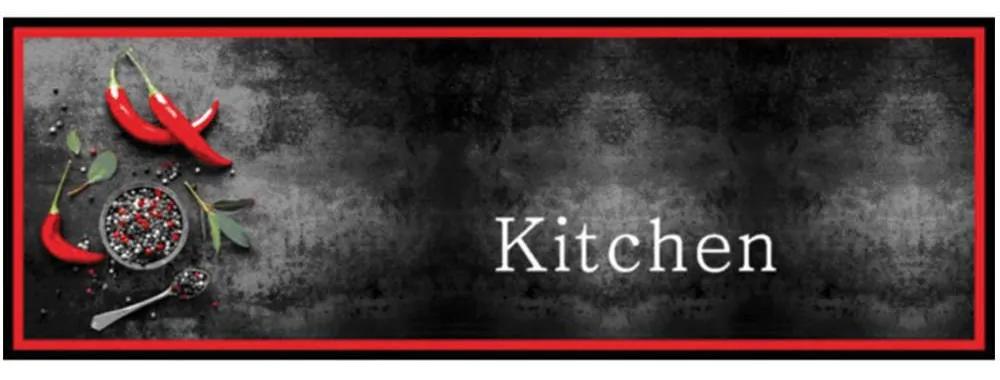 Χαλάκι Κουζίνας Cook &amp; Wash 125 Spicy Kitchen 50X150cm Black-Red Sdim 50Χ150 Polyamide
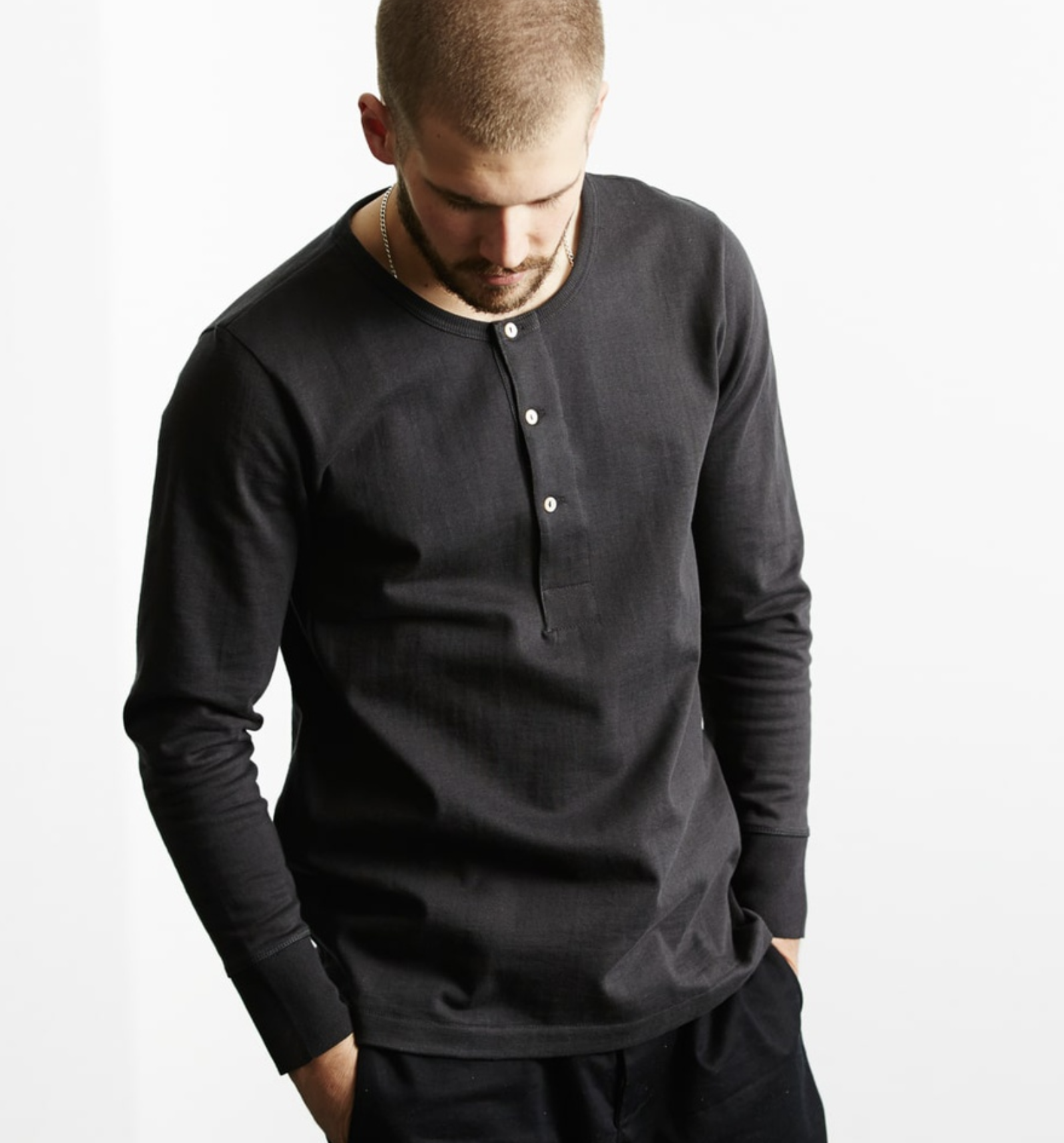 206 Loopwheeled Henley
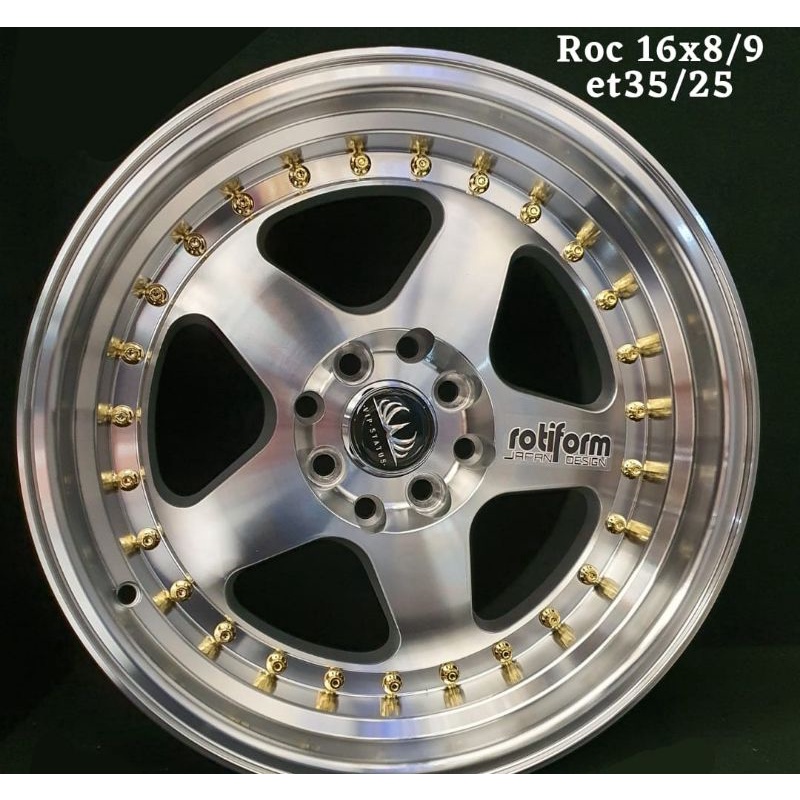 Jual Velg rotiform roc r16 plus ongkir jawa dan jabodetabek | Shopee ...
┄┄┄┄┄┄┄┄┄┄┄┄┄┄┄┄┄┄┄┄
▶ **Work required**
Your response should reproduce the entire listing verbatim, minus the pictures.

▶ **Exercise output**
 Χαλάκι Κουζίνας Cook &amp; Wash 125 Spicy Kitchen 50X150cm Black-Red Sdim 50Χ150 Polyamide
 206 Loopwheeled Henley
 Jual Velg rotiform roc r16 plus ongkir jawa dan jabodetabek | Shopee ...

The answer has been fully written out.